• ASSIGNMENT: Nothing in the records should be changed in the copy, though the pictures must be left out.
━━━
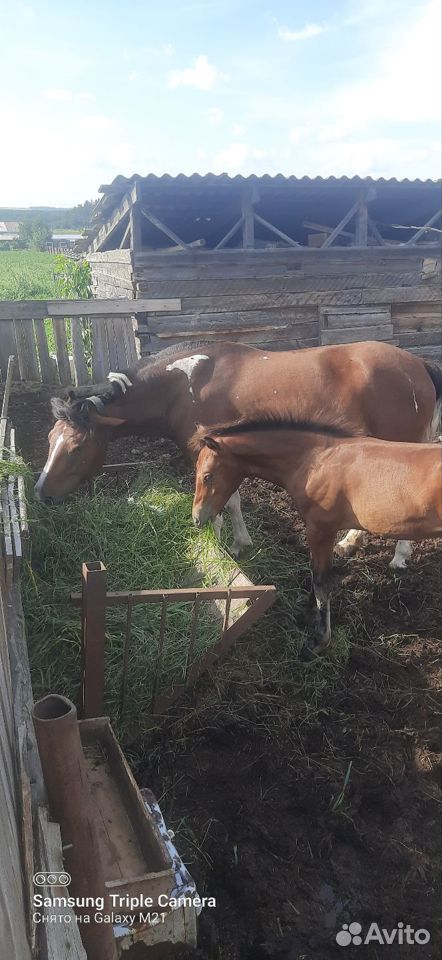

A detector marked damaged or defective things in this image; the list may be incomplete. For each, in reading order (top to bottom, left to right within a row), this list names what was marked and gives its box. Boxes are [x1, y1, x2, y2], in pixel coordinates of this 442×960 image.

rusty pipe [32, 696, 116, 960]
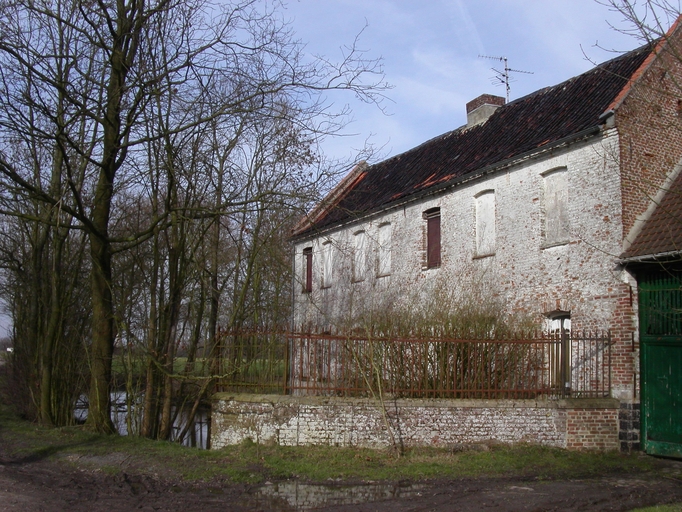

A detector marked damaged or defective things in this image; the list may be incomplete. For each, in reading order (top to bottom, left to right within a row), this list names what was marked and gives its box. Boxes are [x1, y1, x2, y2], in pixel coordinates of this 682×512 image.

rusty metal fence [215, 330, 608, 398]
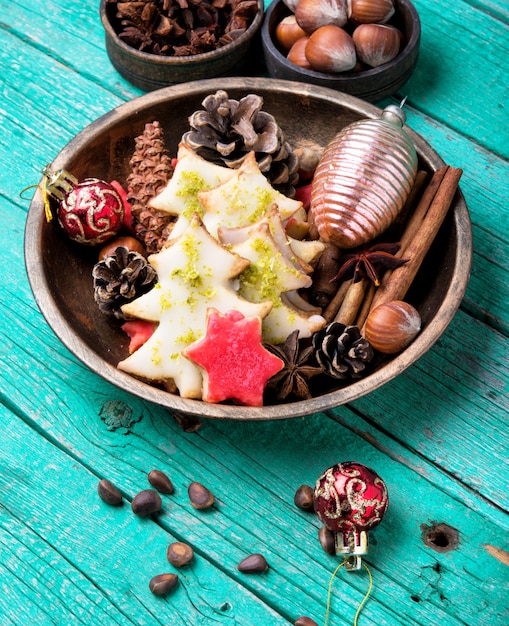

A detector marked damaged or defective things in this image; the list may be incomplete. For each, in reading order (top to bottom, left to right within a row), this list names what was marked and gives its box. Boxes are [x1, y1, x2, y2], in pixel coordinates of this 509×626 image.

rusty bowl rim [99, 0, 266, 66]
rusty bowl rim [260, 0, 418, 83]
rusty bowl rim [22, 77, 468, 420]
━━━
• EXPECTED OUTPUT:
A detector marked damaged or defective things in this image; the list may be incomplete. For each, in reading order (top to bottom, left to right within a row), this list names what was marked and gives its box. Boxes are [x1, y1, x2, y2], in pixel coordinates of this 442×960 image.

rusty pipe [32, 696, 116, 960]

A detector marked damaged or defective things in this image; the list may be incomplete. For each, in reading order (top to bottom, left to right within a row), this list names what was marked and gives its box. Boxes are [x1, y1, x2, y2], in pixel coordinates of this 682×512 image.

rusty metal fence [215, 330, 608, 398]

A detector marked damaged or defective things in this image; the list may be incomplete. For each, in reading order (top to bottom, left to right within a row), this list names what was marked and gives its box. Boxes are [x1, y1, x2, y2], in pixel coordinates of this 509×626 image.

rusty bowl rim [99, 0, 266, 66]
rusty bowl rim [260, 0, 418, 83]
rusty bowl rim [22, 77, 468, 420]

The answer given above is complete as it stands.